Después vino la diáspora tan dolorosa a partir del golpe militar en Chile, ese infarto al miocardio. ¡Ah los cuatro jinetes del Apocalipsis, que en la república asesinada fueron más de cuatro, como suele ocurrir históricamente! Un infarto casi mortal, durante más de una década, aunque al fin no fue para siempre. Nada es para siempre, por fortuna, ni la palabra siempre es para siempre. Al fin la sociedad chilena se recompuso y regresó la vida democrática. Aquel país tan insólito a partir de su loca geografía, para no olvidarnos de Benjamín Subercaseaux, no murió del todo, fue resucitando desde el agobio y la crueldad de sus propias cenizas, cenizas que también tuvieron la virtud de convertirse en piadosas hacia adentro y hacia afuera.
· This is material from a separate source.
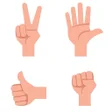 Icon of program: Hand Cricket: Multiplayer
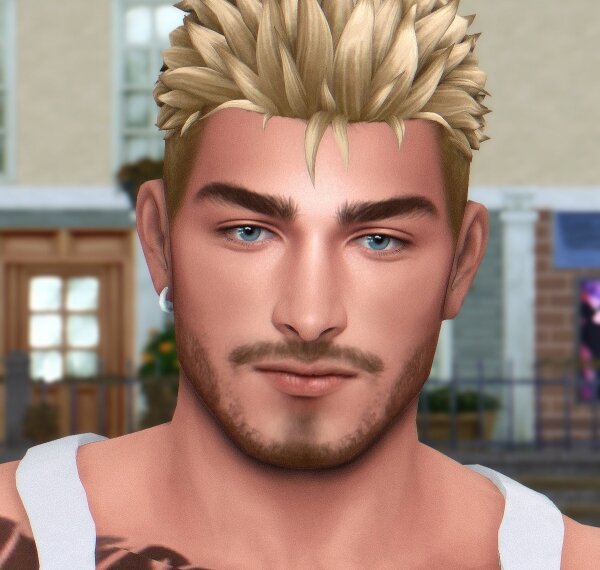 7Cupsbobatae - Otto Branche Townie Makeover Sim Download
Aquella muerte individual y colectiva no nos mató del todo. A medio morir saltando, volvimos a nacer o a renacer. Bendito sea el renacimiento de Chile y su república asesinada. Ya me estoy repitiendo y lo mejor es guardar tres minutos de silencio por los caídos. Piedad, entonces, respeto y piedad, ahora y en la hora…
- M.M.- Mencionaste este encuentro del año 1965 en Valdivia, pero ya Gonzalo venía de esos grandes encuentros que se habían realizado en la Universidad de Concepción…
- H.L.C.- Claro, por supuesto, aquel Encuentro Internacional fue en 1960.
- M.M.- Donde él decía que se habían juntado los paisanos de Latinoamérica. Gente como Juan Rulfo, Julio Cortázar, y también por primera vez los poetas Beats: Lawrence Ferlinghetti, Allen Ginsberg. ¿Qué nos puedes contar al respecto?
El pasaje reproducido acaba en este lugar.